In another embodiment of the drive unit the electrical connector can comprise a hole through which the second fastening element extends, wherein the second fastening element is arranged within the hole of the electrical connector with a clearance in a direction parallel to the longitudinal axis of the positioning pin. With this embodiment it can be avoided that a tension force in parallel to the longitudinal axis of the positioning pin resulting from the connection between the electrical connector and the intermediate busbar is acting on the inverter busbar via the carrier. To compensate for maximum position deviations between the inverter busbar and the electrical connector of the drive unit, the nominal clearance in a direction parallel to the longitudinal axis of the positioning pin between the third fastening element and the hole of the carrier can be for example 1 mm or more. Furthermore, the second fastening element can be arranged within the hole of the electrical connector with a clearance in a direction perpendicular to the longitudinal axis of the positioning pin.

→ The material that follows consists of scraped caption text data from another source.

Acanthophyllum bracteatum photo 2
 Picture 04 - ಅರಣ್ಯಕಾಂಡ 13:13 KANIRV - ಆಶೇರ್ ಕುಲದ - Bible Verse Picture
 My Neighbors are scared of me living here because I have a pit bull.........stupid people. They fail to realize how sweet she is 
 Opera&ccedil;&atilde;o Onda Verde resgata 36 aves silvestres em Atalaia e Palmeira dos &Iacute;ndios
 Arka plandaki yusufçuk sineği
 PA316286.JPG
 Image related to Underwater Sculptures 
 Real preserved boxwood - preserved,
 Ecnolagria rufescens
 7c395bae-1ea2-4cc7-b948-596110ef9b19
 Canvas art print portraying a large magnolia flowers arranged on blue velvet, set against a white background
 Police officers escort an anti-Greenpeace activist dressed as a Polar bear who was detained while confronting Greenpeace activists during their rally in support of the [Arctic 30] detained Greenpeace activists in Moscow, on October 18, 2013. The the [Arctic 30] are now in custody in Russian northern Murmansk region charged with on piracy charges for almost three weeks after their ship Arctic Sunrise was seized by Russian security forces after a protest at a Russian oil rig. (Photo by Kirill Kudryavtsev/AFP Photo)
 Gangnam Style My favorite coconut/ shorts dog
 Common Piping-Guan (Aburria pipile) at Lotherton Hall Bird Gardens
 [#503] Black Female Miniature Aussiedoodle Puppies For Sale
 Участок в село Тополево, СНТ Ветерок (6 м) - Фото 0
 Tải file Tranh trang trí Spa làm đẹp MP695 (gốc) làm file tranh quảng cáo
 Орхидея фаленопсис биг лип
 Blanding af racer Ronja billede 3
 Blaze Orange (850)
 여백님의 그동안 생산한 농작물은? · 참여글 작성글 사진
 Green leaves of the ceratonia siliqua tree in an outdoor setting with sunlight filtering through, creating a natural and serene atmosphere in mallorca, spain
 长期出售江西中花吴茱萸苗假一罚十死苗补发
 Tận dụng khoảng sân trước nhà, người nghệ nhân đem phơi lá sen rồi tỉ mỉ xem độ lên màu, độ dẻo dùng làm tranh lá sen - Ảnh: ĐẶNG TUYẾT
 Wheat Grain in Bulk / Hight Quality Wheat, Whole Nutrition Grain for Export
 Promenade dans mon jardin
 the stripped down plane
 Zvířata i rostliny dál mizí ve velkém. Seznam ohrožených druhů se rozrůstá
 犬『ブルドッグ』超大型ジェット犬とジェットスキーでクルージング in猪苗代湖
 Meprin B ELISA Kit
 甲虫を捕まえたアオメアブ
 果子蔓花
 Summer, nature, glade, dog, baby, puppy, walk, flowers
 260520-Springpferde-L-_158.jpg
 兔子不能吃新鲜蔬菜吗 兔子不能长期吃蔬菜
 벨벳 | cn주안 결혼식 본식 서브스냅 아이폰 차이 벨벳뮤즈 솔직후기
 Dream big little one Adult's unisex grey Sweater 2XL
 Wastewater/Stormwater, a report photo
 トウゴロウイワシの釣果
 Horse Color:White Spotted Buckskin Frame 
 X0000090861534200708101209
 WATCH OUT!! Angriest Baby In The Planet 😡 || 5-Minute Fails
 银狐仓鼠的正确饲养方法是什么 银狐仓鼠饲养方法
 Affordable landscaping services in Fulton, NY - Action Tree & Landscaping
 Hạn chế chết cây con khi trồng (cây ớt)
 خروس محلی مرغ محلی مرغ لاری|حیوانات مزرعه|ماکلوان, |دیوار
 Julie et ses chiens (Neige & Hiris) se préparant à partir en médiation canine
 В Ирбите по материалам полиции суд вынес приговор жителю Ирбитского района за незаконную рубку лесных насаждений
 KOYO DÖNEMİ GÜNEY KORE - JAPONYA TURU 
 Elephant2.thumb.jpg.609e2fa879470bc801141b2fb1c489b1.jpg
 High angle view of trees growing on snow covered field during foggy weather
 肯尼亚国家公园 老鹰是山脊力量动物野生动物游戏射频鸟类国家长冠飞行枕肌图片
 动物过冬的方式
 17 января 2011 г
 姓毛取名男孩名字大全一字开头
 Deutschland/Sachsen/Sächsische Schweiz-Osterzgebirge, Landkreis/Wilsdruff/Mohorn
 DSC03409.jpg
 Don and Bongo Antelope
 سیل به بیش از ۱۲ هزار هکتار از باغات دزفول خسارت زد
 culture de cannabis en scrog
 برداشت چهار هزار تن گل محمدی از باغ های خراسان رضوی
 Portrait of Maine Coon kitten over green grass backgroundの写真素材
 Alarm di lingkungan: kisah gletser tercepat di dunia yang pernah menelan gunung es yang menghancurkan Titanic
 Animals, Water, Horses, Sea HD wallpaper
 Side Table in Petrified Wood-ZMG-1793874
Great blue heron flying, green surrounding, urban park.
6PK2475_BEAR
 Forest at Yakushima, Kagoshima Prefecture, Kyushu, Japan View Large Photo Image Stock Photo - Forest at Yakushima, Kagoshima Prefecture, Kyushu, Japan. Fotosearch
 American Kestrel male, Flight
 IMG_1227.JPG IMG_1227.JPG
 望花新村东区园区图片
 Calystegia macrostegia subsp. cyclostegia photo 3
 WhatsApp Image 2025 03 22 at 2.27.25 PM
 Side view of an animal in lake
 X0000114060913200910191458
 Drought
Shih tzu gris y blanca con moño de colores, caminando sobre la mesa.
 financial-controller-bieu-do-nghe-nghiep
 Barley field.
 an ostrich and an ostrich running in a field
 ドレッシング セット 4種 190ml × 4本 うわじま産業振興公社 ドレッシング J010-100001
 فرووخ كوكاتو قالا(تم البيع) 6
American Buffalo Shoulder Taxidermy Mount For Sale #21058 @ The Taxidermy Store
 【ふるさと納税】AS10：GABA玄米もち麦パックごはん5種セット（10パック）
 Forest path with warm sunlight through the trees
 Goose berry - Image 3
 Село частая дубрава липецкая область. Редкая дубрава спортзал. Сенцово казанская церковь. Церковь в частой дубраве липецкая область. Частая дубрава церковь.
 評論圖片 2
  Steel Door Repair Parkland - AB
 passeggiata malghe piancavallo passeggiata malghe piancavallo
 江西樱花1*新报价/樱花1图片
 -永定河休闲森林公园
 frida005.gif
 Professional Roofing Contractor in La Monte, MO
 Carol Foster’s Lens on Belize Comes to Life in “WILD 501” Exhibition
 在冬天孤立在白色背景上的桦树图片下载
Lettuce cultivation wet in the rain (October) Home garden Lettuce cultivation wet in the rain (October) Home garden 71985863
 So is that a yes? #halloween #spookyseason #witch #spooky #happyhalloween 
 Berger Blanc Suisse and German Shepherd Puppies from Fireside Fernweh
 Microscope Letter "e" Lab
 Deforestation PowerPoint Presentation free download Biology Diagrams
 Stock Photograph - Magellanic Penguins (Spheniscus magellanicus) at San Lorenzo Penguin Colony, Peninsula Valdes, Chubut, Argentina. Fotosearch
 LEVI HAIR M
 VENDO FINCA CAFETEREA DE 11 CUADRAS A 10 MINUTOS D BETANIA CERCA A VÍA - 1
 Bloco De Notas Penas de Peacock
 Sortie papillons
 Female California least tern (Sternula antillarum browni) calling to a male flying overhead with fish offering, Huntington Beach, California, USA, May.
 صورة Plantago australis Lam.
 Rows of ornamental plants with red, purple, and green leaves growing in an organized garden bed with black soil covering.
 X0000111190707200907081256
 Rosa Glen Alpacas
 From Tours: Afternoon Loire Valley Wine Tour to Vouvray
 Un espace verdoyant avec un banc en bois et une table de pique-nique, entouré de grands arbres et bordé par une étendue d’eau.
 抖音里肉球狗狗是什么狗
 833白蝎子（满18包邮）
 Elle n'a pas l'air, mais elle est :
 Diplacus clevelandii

In an embodiment of the drive unit the carrier can be connected to the housing by a third fastening element extending through a hole of the carrier, wherein a clamping force of the third fastening element is acting in a direction transversely to the longitudinal axis of the positioning pin. In particular, the clamping force can act in a direction so that a self-locking connection between the carrier and the housing is established, i.e., the friction force in the contact between carrier and housing induced by the clamping force exceeds the axial component of the clamping force. With this embodiment it can be avoided that while fastening of the carrier to the housing a force parallel to the longitudinal axis of the positioning pin is acting on the inverter busbar via the carrier.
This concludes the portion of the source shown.